» AIM OF THE EXERCISE
Omit the pictures and return exactly the stretch of the material below from the line with "Droga wzdłuż rzeki Neckar" through the line with "Germany's players celebrate".

(INFORMATION GIVEN begins)

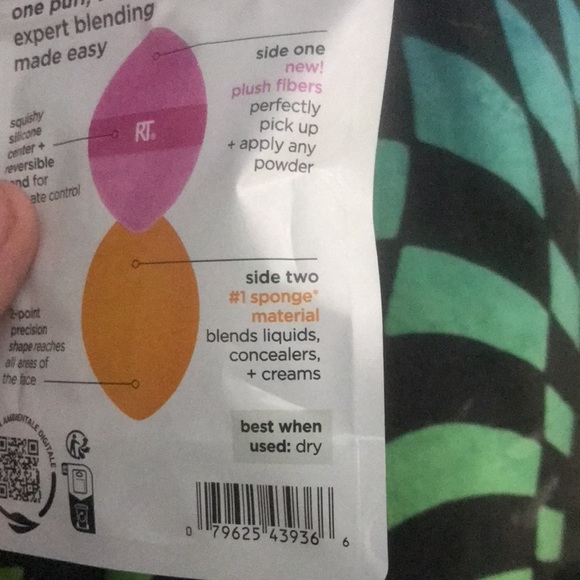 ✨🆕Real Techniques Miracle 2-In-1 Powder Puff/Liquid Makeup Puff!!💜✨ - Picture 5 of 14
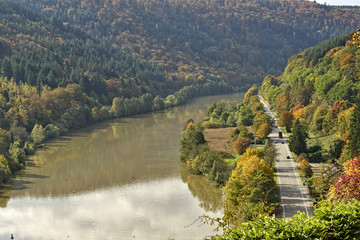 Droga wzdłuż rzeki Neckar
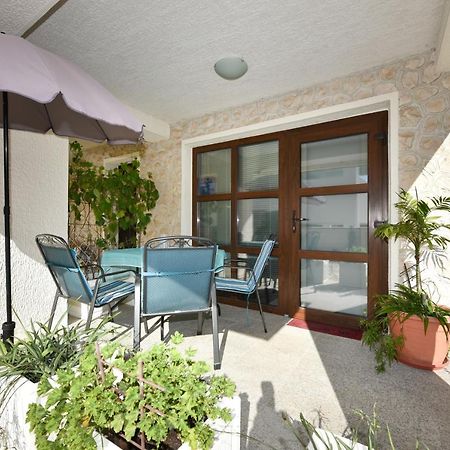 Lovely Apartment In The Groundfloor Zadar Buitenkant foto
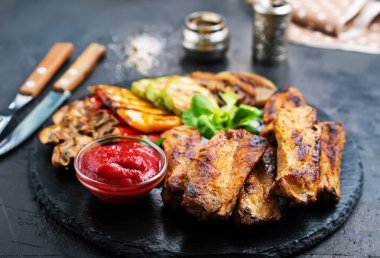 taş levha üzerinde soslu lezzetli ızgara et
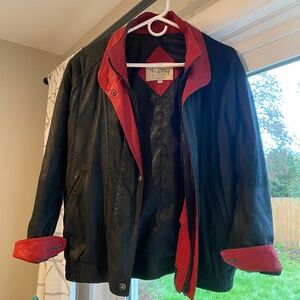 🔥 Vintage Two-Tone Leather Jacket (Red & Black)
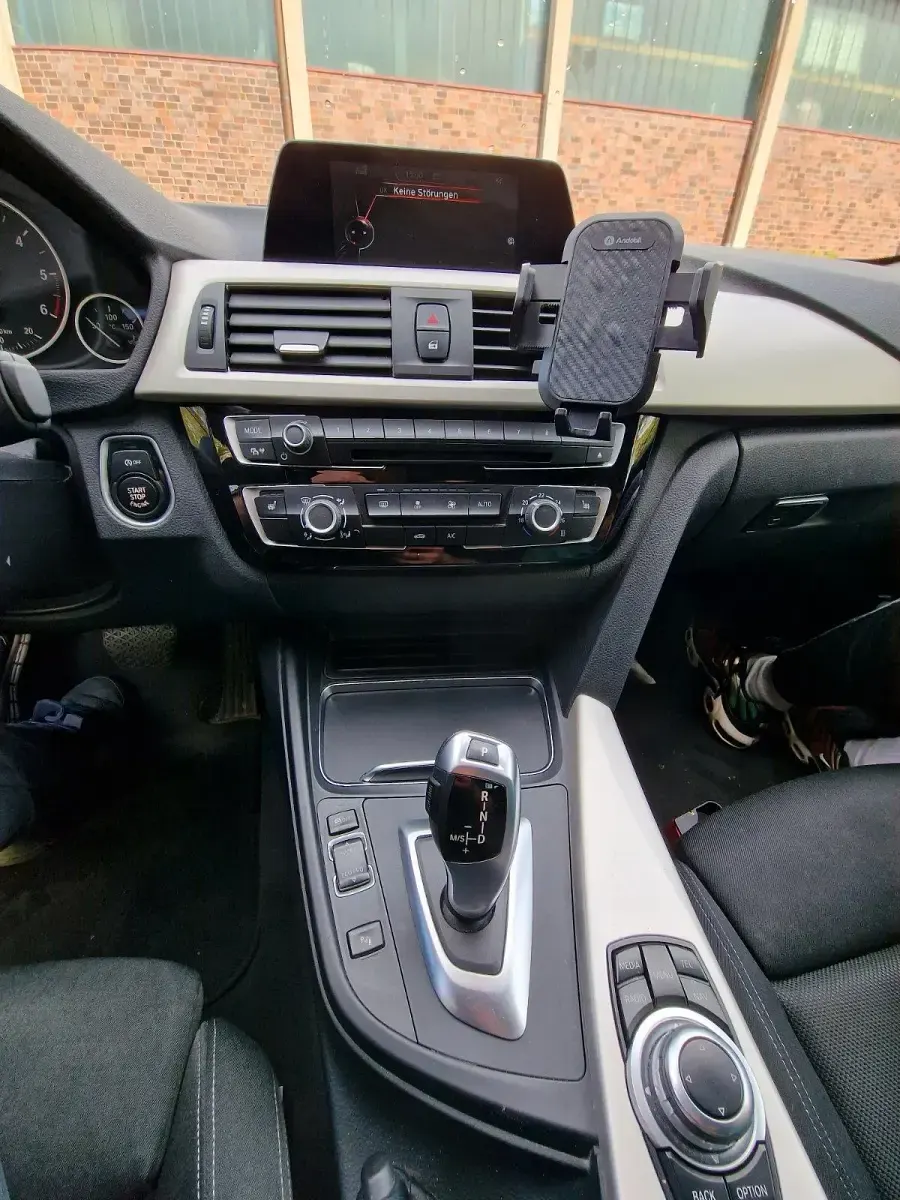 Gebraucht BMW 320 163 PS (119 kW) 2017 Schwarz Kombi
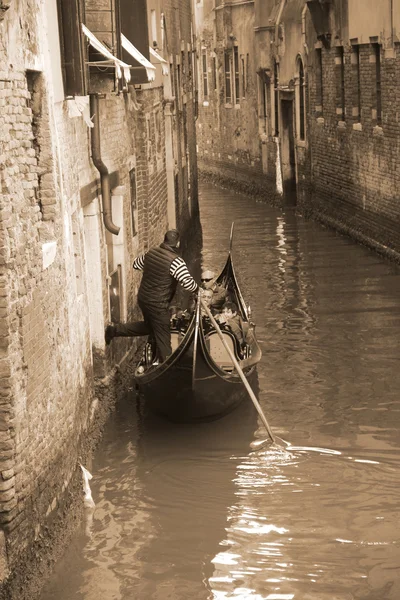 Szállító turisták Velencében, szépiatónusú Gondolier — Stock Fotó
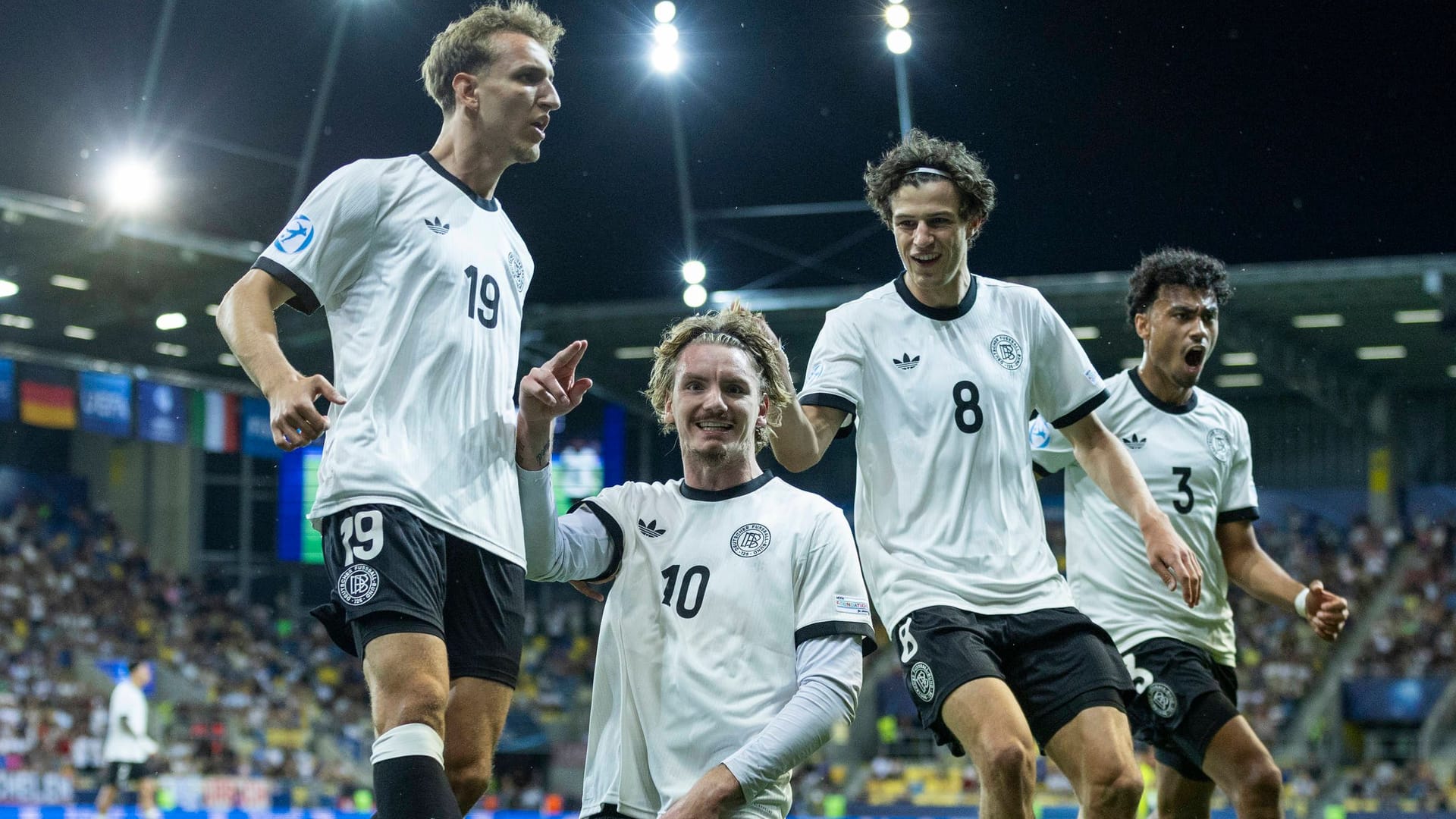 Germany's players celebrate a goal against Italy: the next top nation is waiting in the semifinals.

(INFORMATION GIVEN ends)
(INFORMATION GIVEN begins)

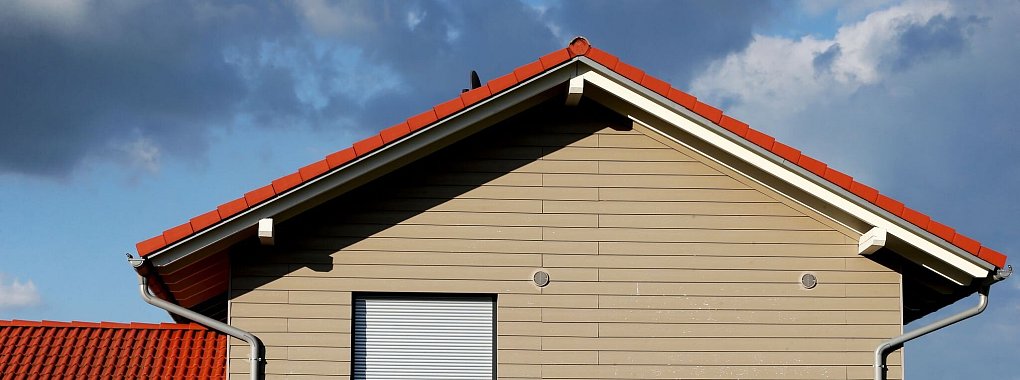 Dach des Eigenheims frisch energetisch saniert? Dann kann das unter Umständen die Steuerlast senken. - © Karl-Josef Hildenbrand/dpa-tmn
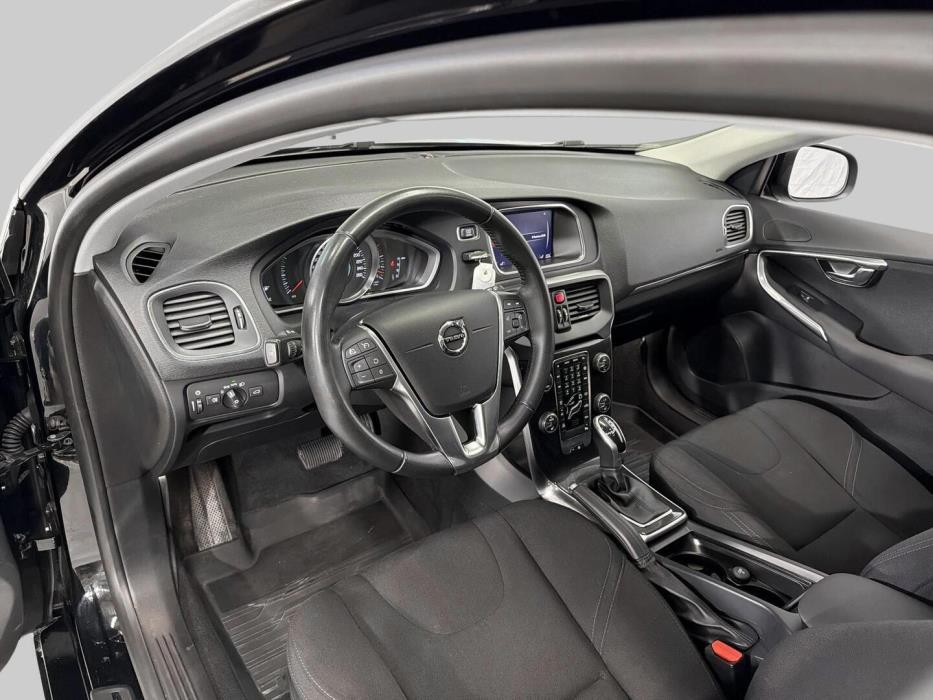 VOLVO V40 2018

(INFORMATION GIVEN ends)

» SOLUTION TO THIS PROBLEM
 Droga wzdłuż rzeki Neckar
 Lovely Apartment In The Groundfloor Zadar Buitenkant foto
 taş levha üzerinde soslu lezzetli ızgara et
 🔥 Vintage Two-Tone Leather Jacket (Red & Black)
 Gebraucht BMW 320 163 PS (119 kW) 2017 Schwarz Kombi
 Szállító turisták Velencében, szépiatónusú Gondolier — Stock Fotó
 Germany's players celebrate a goal against Italy: the next top nation is waiting in the semifinals.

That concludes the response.